[Provided data]

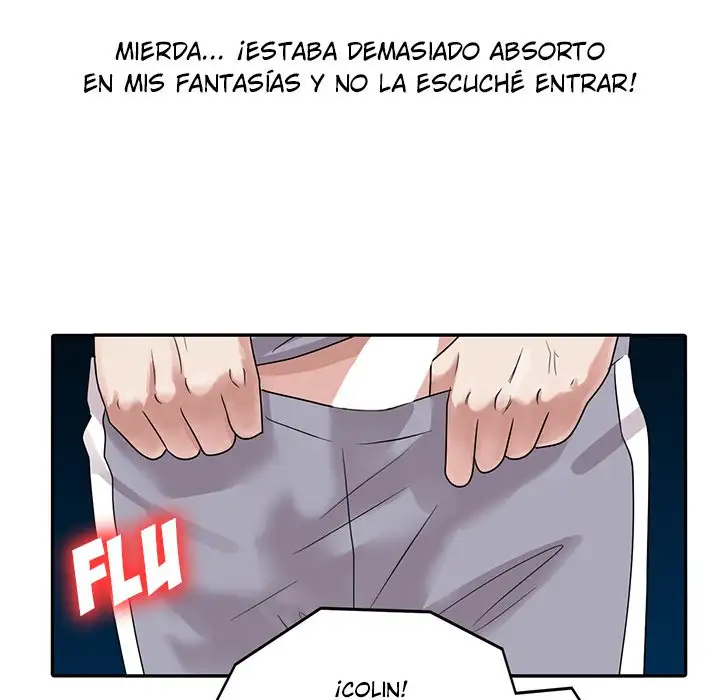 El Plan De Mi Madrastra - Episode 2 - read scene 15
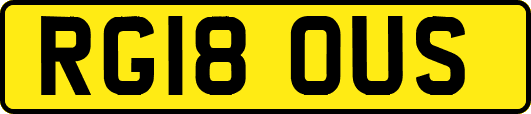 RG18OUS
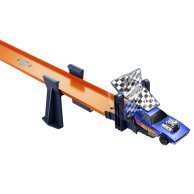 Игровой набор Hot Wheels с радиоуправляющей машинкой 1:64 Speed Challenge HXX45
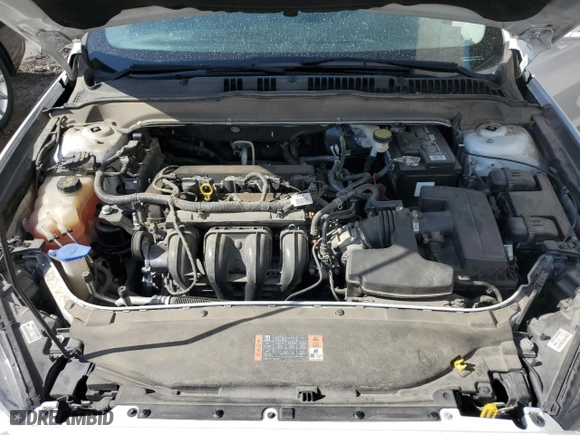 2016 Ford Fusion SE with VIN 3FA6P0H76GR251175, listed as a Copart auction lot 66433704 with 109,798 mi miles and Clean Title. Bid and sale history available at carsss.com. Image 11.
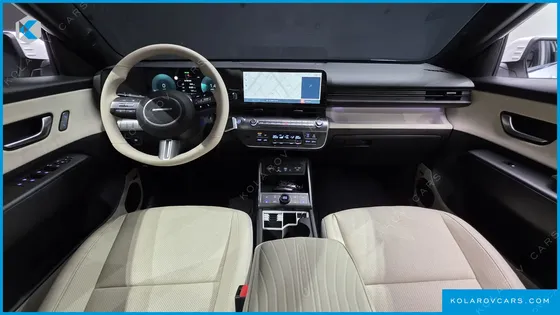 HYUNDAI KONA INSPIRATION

[/Provided data]

_Problem to solve_
Drop the pictures, then reproduce exactly the lines from the one with "Игровой набор Hot" through the final line of the listing.

_Written solution_
 Игровой набор Hot Wheels с радиоуправляющей машинкой 1:64 Speed Challenge HXX45
 2016 Ford Fusion SE with VIN 3FA6P0H76GR251175, listed as a Copart auction lot 66433704 with 109,798 mi miles and Clean Title. Bid and sale history available at carsss.com. Image 11.
 HYUNDAI KONA INSPIRATION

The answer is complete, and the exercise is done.